**Task to complete:** No pictures go in the copy. Restate, word for word, each line from the one containing "ORGANIC RELAXED LEG JEAN" through the last line below.

**Information supplied:**
----------

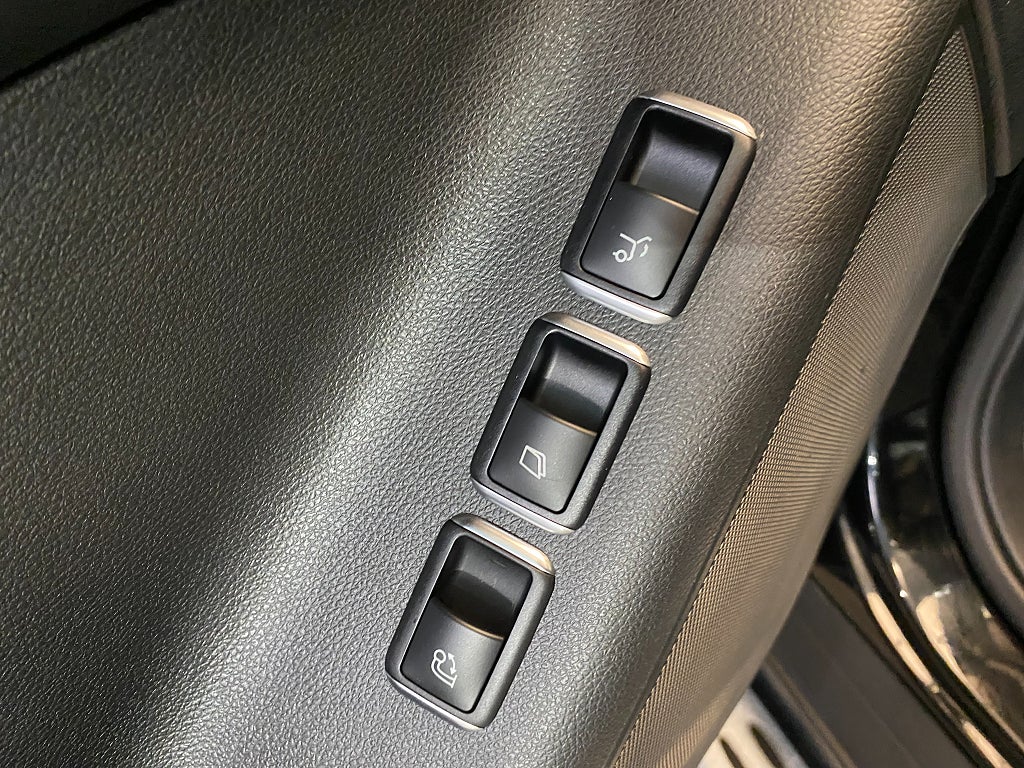 Car Image car-166601-e3310bbcf7ddbcf98a1c09bdf0e6de5d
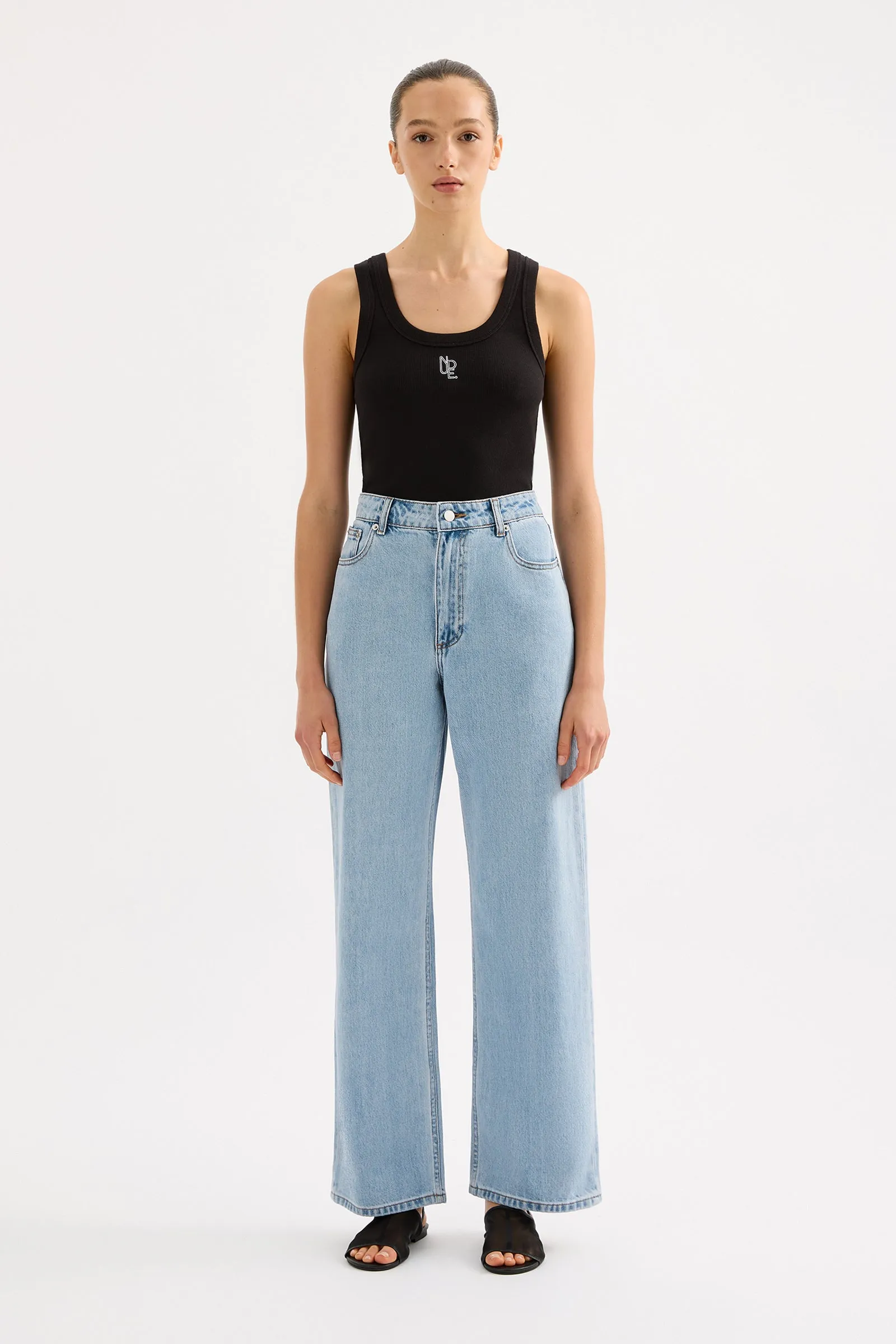 ORGANIC RELAXED LEG JEAN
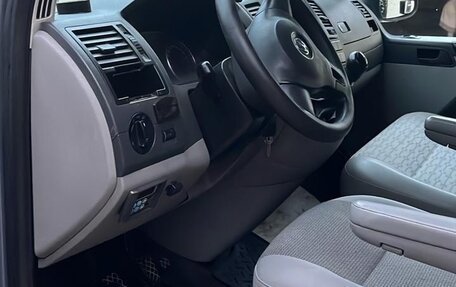 Volkswagen Transporter T5 рестайлинг, 2013 год, 1 270 000 рублей, 5 фотография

----------

**Solution to this problem:**
 ORGANIC RELAXED LEG JEAN
 Volkswagen Transporter T5 рестайлинг, 2013 год, 1 270 000 рублей, 5 фотография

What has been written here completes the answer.